Read These Stories: Mostly Sports!

I think “Read These Stories” may become a Sunday tradition, seeing as how I will be spending a lot of my fall Sundays reading from Pocket as NFL games play in the background — Not next Sunday, though, because the Steelers play Thursday. Maybe I will actually enjoy a beautiful September Sunday without watching sports.

Nah, probably not. The Pirates are playing.

On to the recommendations:

Open City (by David Roth)

Reading this story (from last year, but it applies now) only cements tennis’ U.S. Open on my Sports Event Bucket List. Roth never cheats you with his articles that are more like short stories with special guest: sports. I adore his descriptions of the Open patrons as “couples preppy enough that their outfits were effectively unisex” and “a boyfriend in a skintight Armani t-shirt taking photos of his girlfriend and her Instagram smirk in various hilariously inconsiderate locations.”

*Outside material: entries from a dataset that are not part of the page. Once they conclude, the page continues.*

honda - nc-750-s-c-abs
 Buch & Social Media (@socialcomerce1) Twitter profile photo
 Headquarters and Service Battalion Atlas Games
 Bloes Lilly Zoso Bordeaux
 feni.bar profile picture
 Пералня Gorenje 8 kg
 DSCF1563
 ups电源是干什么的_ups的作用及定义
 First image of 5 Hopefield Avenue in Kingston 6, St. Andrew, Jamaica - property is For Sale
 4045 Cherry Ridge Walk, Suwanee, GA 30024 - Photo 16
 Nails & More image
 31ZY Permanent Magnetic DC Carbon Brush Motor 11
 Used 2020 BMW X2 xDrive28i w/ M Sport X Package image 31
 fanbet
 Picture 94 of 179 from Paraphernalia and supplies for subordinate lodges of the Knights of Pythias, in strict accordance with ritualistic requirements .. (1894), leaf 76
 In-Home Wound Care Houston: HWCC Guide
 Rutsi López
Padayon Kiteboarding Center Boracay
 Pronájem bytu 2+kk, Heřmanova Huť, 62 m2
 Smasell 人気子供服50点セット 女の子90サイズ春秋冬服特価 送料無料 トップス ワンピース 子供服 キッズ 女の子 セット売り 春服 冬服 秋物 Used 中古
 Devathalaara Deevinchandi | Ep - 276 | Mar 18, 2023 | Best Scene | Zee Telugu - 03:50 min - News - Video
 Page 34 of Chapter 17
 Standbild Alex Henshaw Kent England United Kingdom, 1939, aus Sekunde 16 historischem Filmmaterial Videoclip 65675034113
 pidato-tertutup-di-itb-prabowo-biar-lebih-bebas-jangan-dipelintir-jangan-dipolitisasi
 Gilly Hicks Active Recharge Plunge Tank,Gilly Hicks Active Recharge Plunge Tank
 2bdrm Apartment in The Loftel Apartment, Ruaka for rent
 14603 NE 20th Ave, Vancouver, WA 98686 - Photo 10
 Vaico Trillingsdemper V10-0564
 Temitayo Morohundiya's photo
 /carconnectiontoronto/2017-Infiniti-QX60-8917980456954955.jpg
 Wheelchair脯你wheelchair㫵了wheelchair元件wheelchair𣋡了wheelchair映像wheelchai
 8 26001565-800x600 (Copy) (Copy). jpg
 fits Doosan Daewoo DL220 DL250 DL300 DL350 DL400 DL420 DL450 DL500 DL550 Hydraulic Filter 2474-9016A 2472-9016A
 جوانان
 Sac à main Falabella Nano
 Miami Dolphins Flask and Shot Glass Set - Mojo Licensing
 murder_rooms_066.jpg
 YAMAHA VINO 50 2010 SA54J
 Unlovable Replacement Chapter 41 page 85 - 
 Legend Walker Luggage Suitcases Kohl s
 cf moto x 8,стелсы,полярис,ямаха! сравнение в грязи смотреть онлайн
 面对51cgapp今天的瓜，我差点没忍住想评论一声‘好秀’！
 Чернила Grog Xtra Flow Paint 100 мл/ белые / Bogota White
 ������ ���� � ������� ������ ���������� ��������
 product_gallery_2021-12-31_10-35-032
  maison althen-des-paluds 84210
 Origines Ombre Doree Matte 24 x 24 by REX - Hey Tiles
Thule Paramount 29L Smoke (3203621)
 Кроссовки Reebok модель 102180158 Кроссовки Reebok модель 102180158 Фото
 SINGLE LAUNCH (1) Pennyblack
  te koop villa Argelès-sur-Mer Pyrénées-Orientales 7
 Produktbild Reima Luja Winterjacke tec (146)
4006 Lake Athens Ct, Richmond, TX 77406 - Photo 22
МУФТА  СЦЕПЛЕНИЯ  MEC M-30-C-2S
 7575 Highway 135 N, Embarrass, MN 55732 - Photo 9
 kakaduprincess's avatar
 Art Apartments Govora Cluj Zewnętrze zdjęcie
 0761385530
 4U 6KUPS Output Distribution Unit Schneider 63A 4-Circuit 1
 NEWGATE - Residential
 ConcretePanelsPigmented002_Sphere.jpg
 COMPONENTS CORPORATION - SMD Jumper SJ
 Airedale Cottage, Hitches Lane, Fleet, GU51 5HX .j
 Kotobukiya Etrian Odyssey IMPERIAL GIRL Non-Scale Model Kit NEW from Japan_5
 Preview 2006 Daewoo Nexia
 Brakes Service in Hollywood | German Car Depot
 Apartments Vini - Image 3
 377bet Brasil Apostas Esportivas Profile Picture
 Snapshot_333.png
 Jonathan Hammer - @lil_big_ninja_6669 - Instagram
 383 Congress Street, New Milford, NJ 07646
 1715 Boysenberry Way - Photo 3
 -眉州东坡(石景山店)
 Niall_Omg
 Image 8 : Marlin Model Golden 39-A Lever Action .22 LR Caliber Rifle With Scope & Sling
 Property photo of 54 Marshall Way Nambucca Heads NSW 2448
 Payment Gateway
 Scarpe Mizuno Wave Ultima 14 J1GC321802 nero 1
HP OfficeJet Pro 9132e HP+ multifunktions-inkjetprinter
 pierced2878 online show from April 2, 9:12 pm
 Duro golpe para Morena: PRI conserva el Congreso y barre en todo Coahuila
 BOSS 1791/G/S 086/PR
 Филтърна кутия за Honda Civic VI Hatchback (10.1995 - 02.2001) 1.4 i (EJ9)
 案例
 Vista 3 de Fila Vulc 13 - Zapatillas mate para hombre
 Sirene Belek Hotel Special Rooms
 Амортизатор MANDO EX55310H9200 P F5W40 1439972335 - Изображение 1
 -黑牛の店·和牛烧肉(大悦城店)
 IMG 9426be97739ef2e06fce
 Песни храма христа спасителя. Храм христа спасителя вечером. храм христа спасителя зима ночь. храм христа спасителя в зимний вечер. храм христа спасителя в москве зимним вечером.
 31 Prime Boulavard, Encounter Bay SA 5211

The Future Could Work, if We Let It (by Farhad Manjoo)

I enjoy criticisms like this that boil down books that fall under this category: I am interested in the idea, but I would never devote enough time to read it all. Manjoo breaks down the thesis of a new book “Resource Revolution: How to Capture the Biggest Business Opportunity in a Century,” gives me the gist and criticizes a few of the authors’ assumptions.

One criticism I have of an otherwise good piece that is worth your time: don’t bury the 33,000 lives taken each year by driver error in car accidents. When car companies begin marketing driverless cars, this needs to be a main talking point: keeping people from dying needlessly.

Does Watching the NFL Make You Evil? (by Jeb Lund)

Don’t get caught up on the clickbait-y headline. Leave your assumptions behind and read. Lund lays out the dastardly, and perhaps indeed evil, actions of the NFL, its commissioner and its owners (it’s a laundry list). Confront your own love of pro football and know that it comes with all these societal ills.

And if you don’t want to do all that, read Lund’s last paragraph. You and he are more similar than you may think.

Did Dante Hall Bankrupt an Electronics Chain? (by Aaron Gordon)

Cleanse your palate with this last piece, a fun vignette that taught me about a new kind of business. Don’t let me ruin any of the twists of this story. It’s short and you will enjoy it.